Blue / Green Deployment without downtime

daaku · April 17, 2024, 5:34am

1. The problem I’m having:

On a single server, I have Caddy running which serves various sites. This used to be a haproxy setup, which has now been replaced by Caddy. The sites are deployed blue / green style, with a pair of ports assigned to blue / green respectively. The deploy process for the site is roughly:

Checks which port is currently active, choose the other port.
Deploy the new version of the site on the other port.
Health check the new version of the site on the other port.
Shutdown the old version of the site on the current port.

With haproxy, this config served me well:

backend myweb
  stick-table type ip size 1m
  stick on dst
  mode http
  server green 127.0.0.1:9000 check
  server blue  127.0.0.1:9001 check
  timeout tunnel 10h

With Caddy, I currently have this config which isn’t identical, but mostly works:

reverse_proxy 127.0.0.1:9000-9001 {
	health_uri /healthz/
	lb_try_duration 5s
}

I’m facing 2 issues which I’m struggling to resolve.
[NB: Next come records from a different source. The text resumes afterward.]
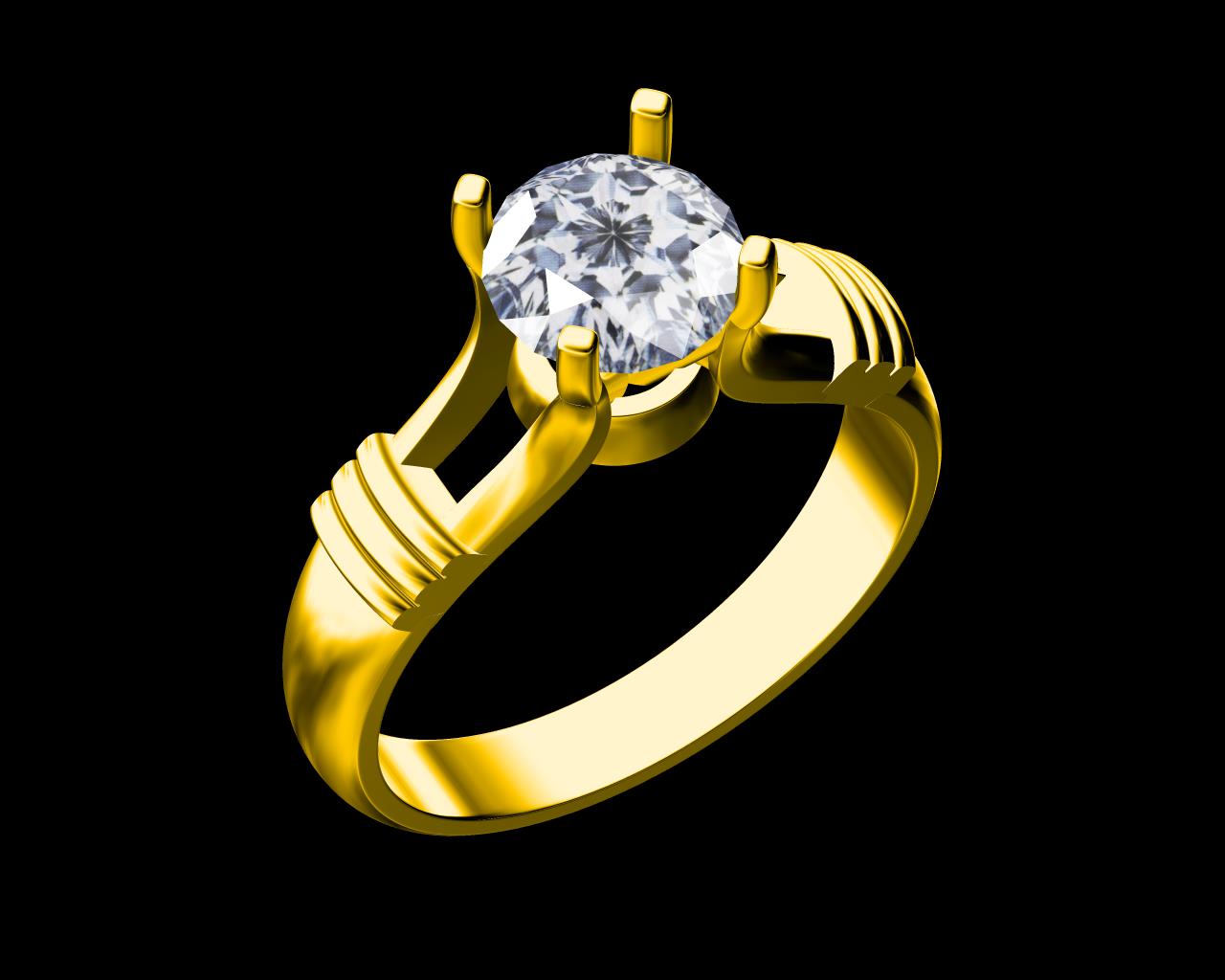 AD9909-ALT1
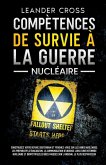 Compétences De Survie à La Guerre Nucléaire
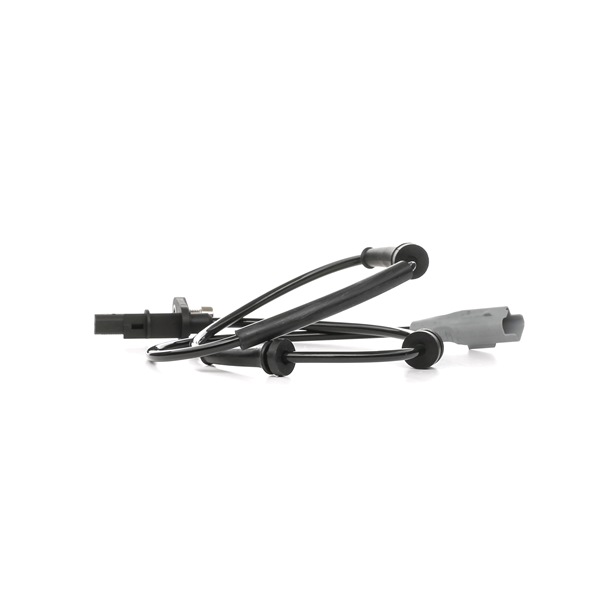 RIDEX 412W0194 Αισθητήρας ABS Fiat Scudo 270 2.0 D Multijet 128 PS RH02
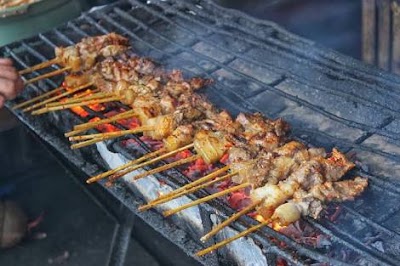Photos of Rage/sate Tanta Lyra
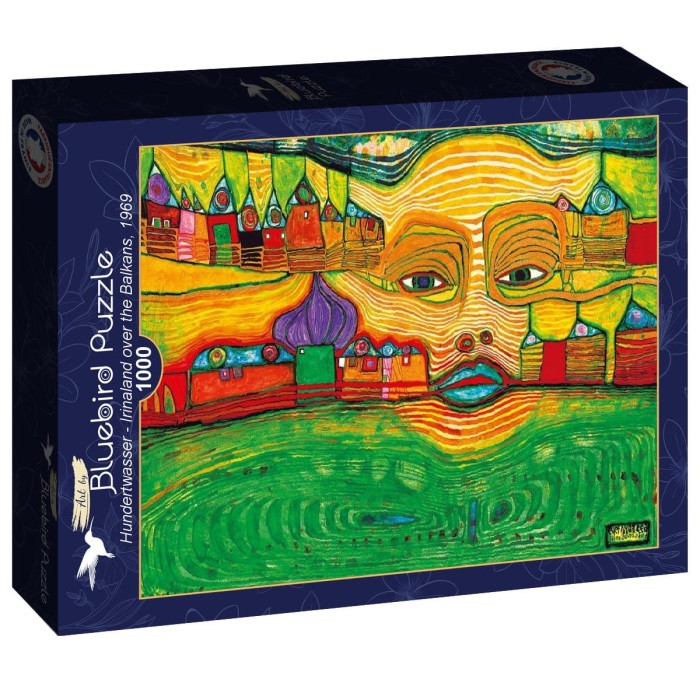 bluebird-puzzle-hundertwasser-irinaland-over-the-balkans-1969-jigsaw-puzzle-1000-pieces.91202-2.fs.jpg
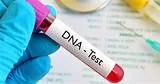 PATERNITY FRAUD; ONE IN FOUR CHILDREN, NOT BIOLOGICAL PARENTS 1 OIP 43 1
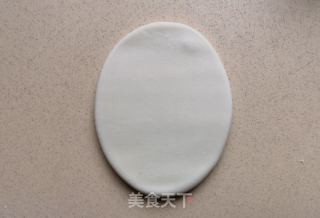 荷叶夹的做法步骤：9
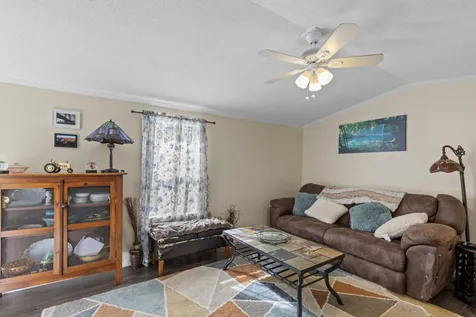 129 Salmon Falls Road Rochester NH 03868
The first request after a deploy fails. Caddy tries for 5s, then fails the request. Subsequent requests work.
Since this is using the active health check, caddy is continuously trying to check the failed server. I would like this to not happen, and would like to only check when the current server fails. It also spews in the logs.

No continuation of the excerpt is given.